[Start of Attachment]

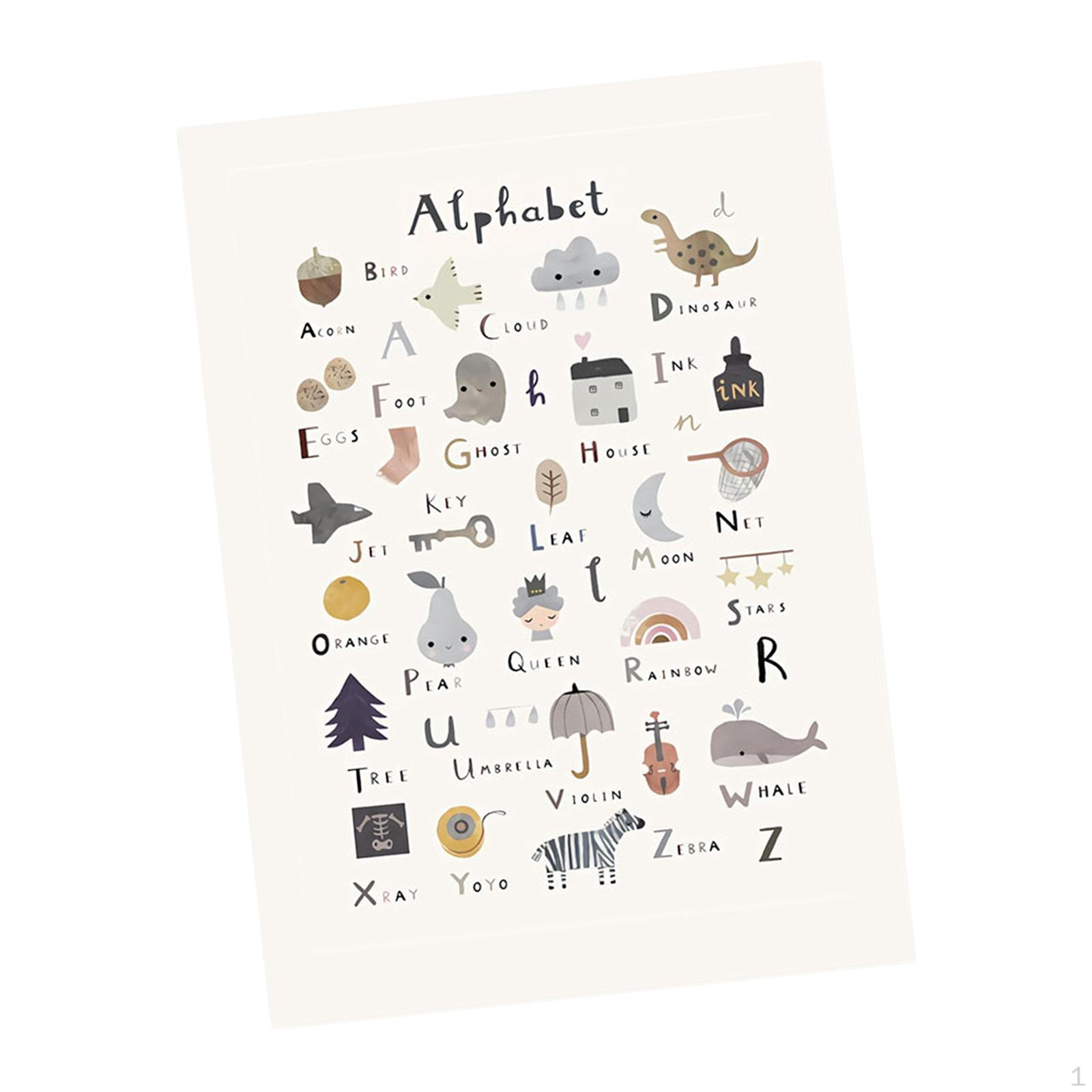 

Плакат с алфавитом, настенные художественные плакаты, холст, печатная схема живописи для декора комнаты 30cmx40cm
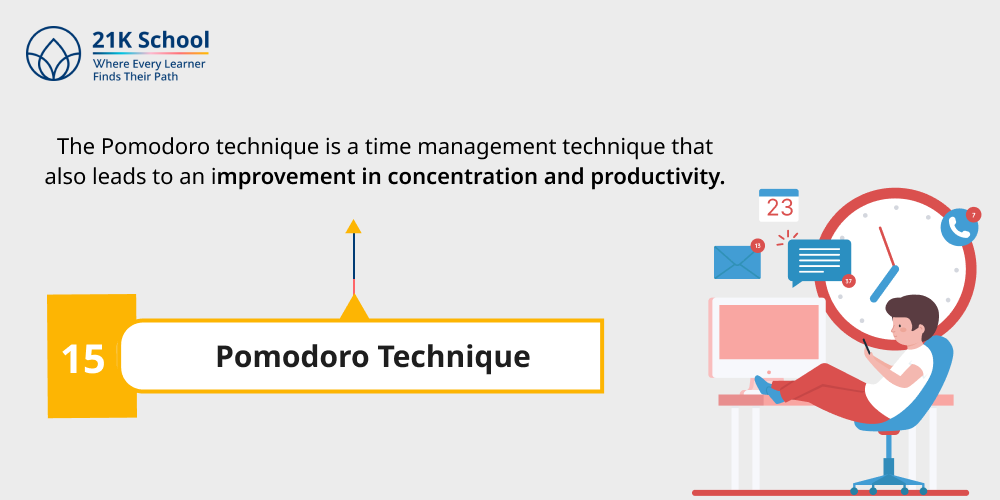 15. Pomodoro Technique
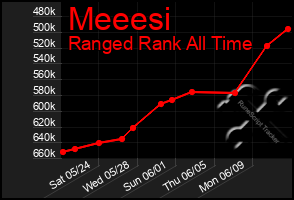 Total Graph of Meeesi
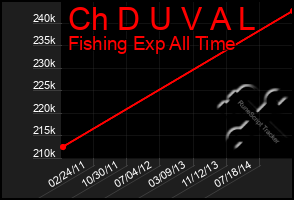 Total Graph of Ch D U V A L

[End of Attachment]

__WHAT YOU NEED TO DO__:
Transcribe exactly the line containing "15. Pomodoro Technique" and every line after it through the end of the listing above; pictures are not part of the copy.

__RESULT OF THE EXERCISE__:
 15. Pomodoro Technique
 Total Graph of Meeesi
 Total Graph of Ch D U V A L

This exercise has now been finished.